Israel general election: Netanyahu fights polls as country votes
VOTING has begun in Israel’s hotly-fought general election, where Prime Minister Benjamin Netanyahu is battling the opinion polls.
VOTING has begun in Israel’s hotly-fought general election, where Prime Minister Benjamin Netanyahu is battling the opinion polls and fatigue with his right-wing government to vie for a fourth term.
The country’s 5.8 million voters are tipped to turn out in record numbers, with the final round of published opinion polls suggesting that Mr Netanyahu’s Likud party will finish second to the opposition Zionist Union in the popular vote.
But the real action takes place after the election in the horse-trading to cobble together a governing coalition with the array of minority and special interest parties that add spice and colour to Israeli politics.
If the polls turn out to be right and Likud ends up with only 20 or 22 seats of the 120 on offer in the Knesset, Mr Netanyahu will still be strongly positioned to do a deal with the political and religious Right.
His chief rival, Zionist Union and Labor party leader Isaac Herzog, has been buoyed by support from a joint ticket of parties representing so-called Israeli Arabs, banding together for the first time.
In his final pitch to voters, the hawkish Mr Netanyahu renewed his warning that Israel’s security would be compromised by the centrist Zionist Union’s support for a two-state peace solution with the Palestinians.

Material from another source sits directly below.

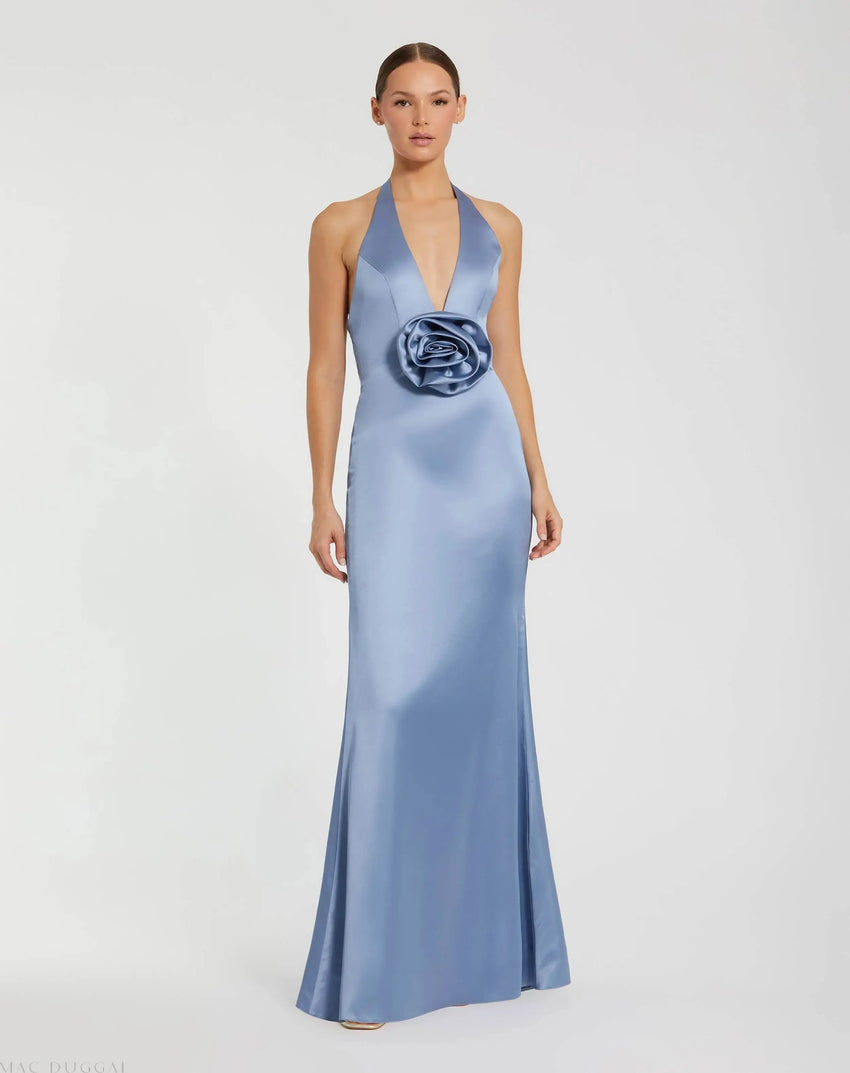 Blue Fitted Satin Sleeveless Halter Gown With 3D Flower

Hardening his position, Mr Netanyahu buried his past but reluctant endorsement of an independent Palestinian homeland, saying it would open Israel to terrorist attack.
Mr Herzog insisted Israel needed a fresh start and the Zionist Union would deliver cost of living relief.

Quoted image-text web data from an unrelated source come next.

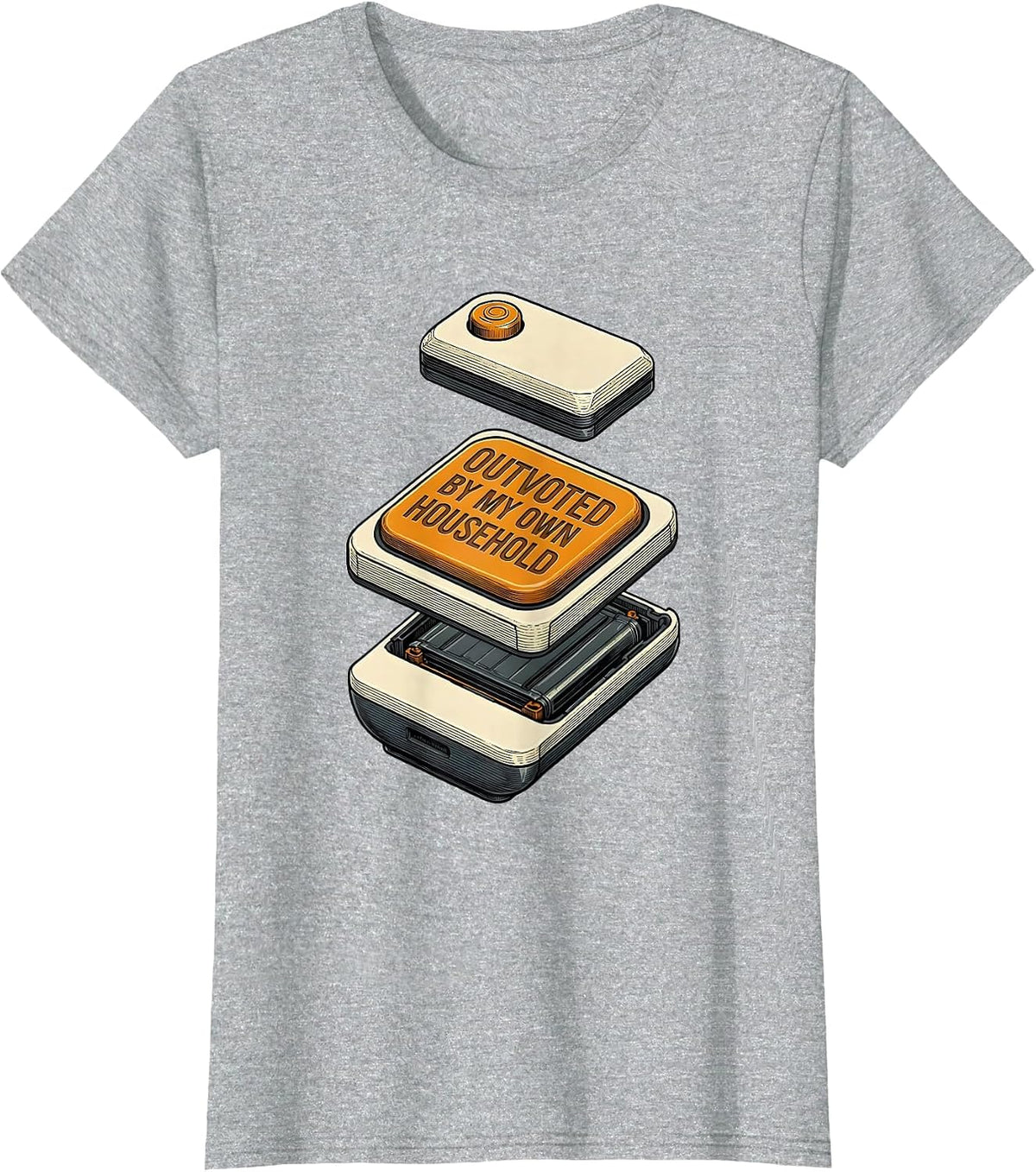 Outvoted By My Own Household Funny Family Sarcasm Dad Gift T-Shirt - Heather Grey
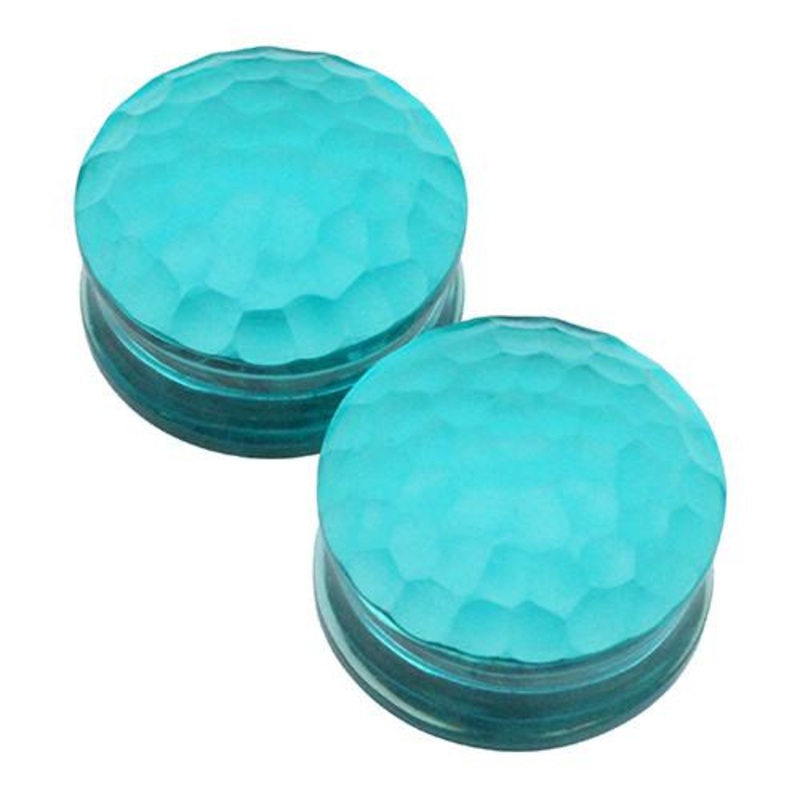 Turquoise Martelle Plugs by Gorilla Glass 0 gauge (8mm) Turquoise Pair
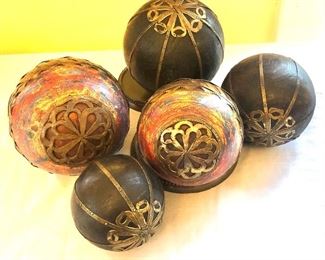 $40  ALL Set of 5 decorative balls ranging from 6" to 4.25" diam. 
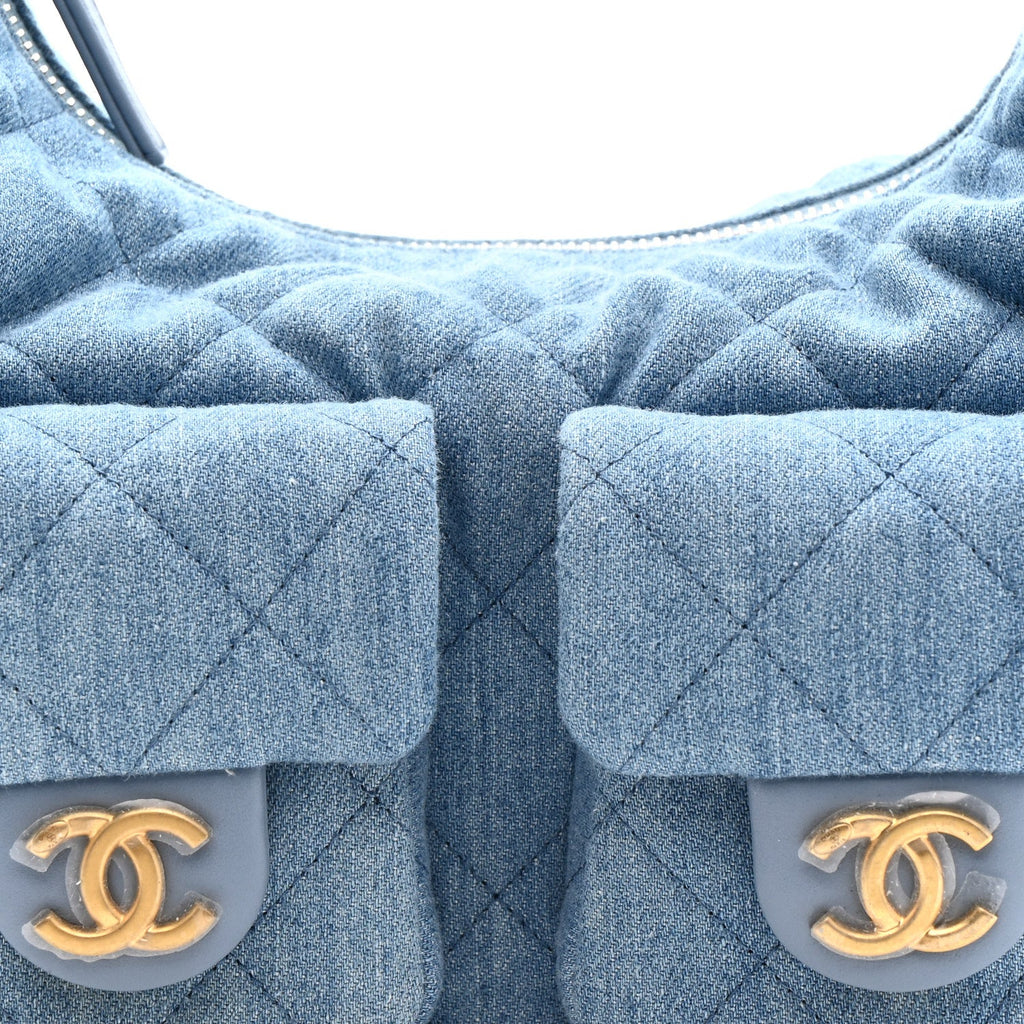 Chanel Washed Denim Quilted Large Trendy Pockets Hobo Blue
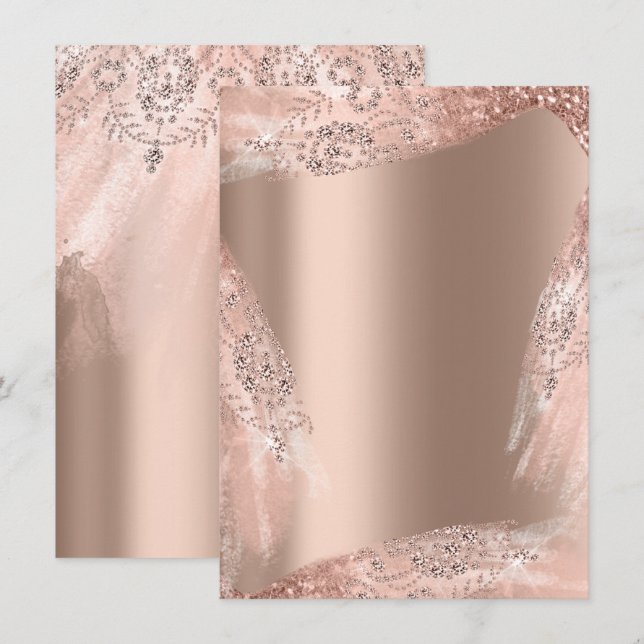 Sött 16:e bröllopsklänning rose gold glitter inbjudningar (Fram/baksida)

Most Israelis take the day off to vote, which commenced at 7am in the spring chill. Ballot booths will stay open until 10pm, local time — 7am tomorrow AEST — when exit polls when provide the first glimpse of whether Mr Netanyahu’s 11th-hour media blitz and increasingly shrill
warnings about security could shift the momentum away from Mr Herzog’s team.
When he called the snap election last December, Mr Netanyahu, 65, a fixture on the political landscape of Israel for 25 years, was the hot favourite to be returned. But renewed controversy over his personal expenses and accusations that he had politicised Israel’s bedrock relations with the US in his March 3 address to Congress gave Mr Herzog an opening, which he exploited with a disciplined and clever campaign.